Neurosciences (Riyadh). 2012 Jan;17(1):74-7.
The ring chromosome 20 syndrome is a rare syndrome characterized by intractable epilepsy with particular electro clinical features including episodes of prolonged confusional state and nocturnal frontal lobe seizures. We report a 17-year-old girl who had intractable epilepsy with frontal seizure and prolonged confusional state secondary to non-convulsive status epilepticus. The diagnosis of ring chromosome 20 was suspected and confirmed by karyotype. The cytogenetic study of CHRNA4 and KCNQ2 genes did not detect deletion in the ring chromosome 20. During video-EEG recording, this girl presented a non-convulsive status epilepticus that lasted more than 20 minutes followed by typical frontal lobe seizure. This association was not previously described, and was probably caused by chromosomal instability.
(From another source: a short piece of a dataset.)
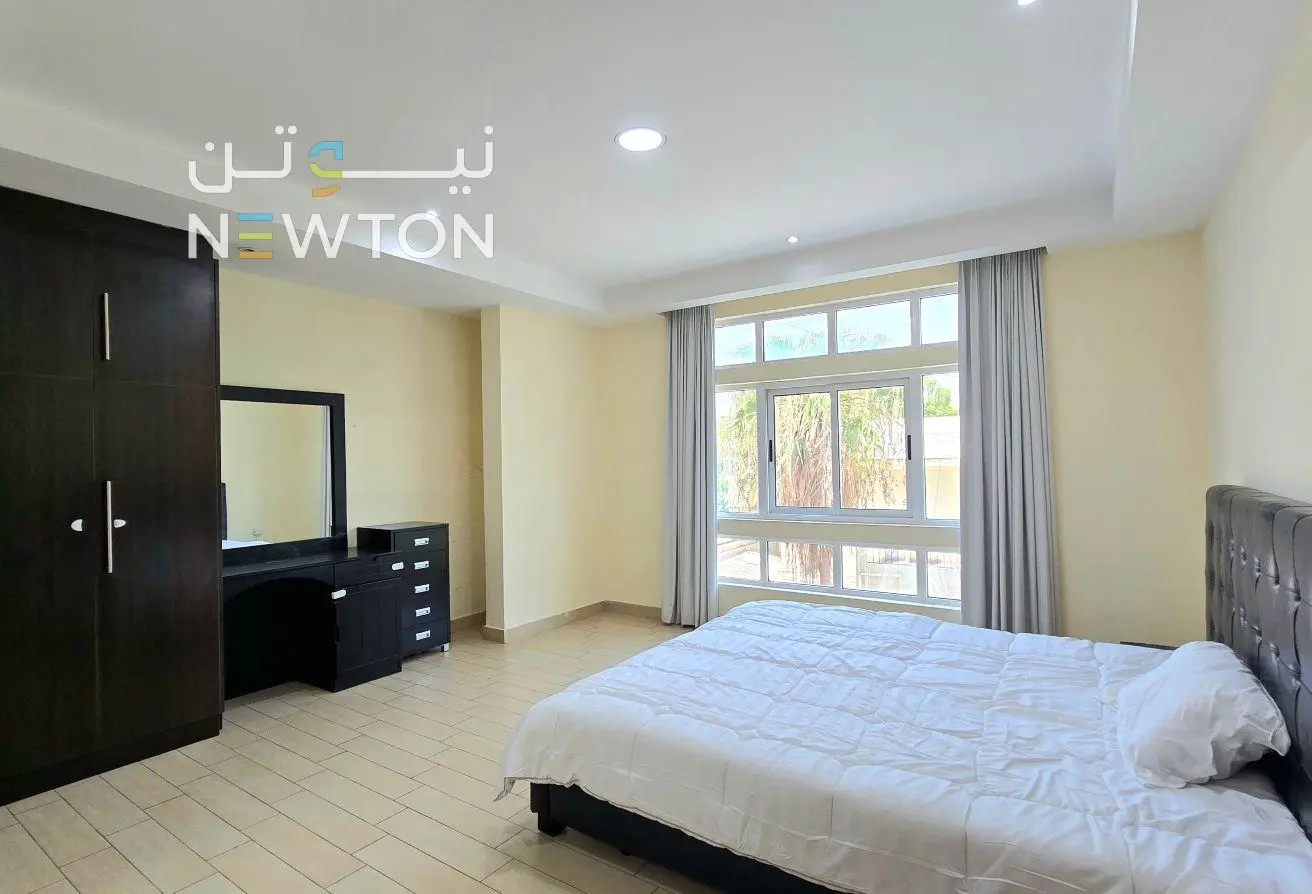 property-HH-ADL-16-16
环形染色体20综合征是一种罕见的综合征,其特征为顽固性癫痫,具有特定的电临床特征,包括长时间意识模糊状态发作和夜间额叶癫痫发作。我们报告一名17岁女孩,她患有顽固性癫痫,继发于非惊厥性癫痫持续状态,表现为额叶癫痫发作和长时间意识模糊状态。环形染色体20的诊断通过核型分析被怀疑并得到证实。对CHRNA4和KCNQ2基因的细胞遗传学研究未检测到环形染色体20的缺失。在视频脑电图记录期间,该女孩出现了持续超过20分钟的非惊厥性癫痫持续状态,随后是典型的额叶癫痫发作。这种关联以前未被描述过,可能是由染色体不稳定性引起的。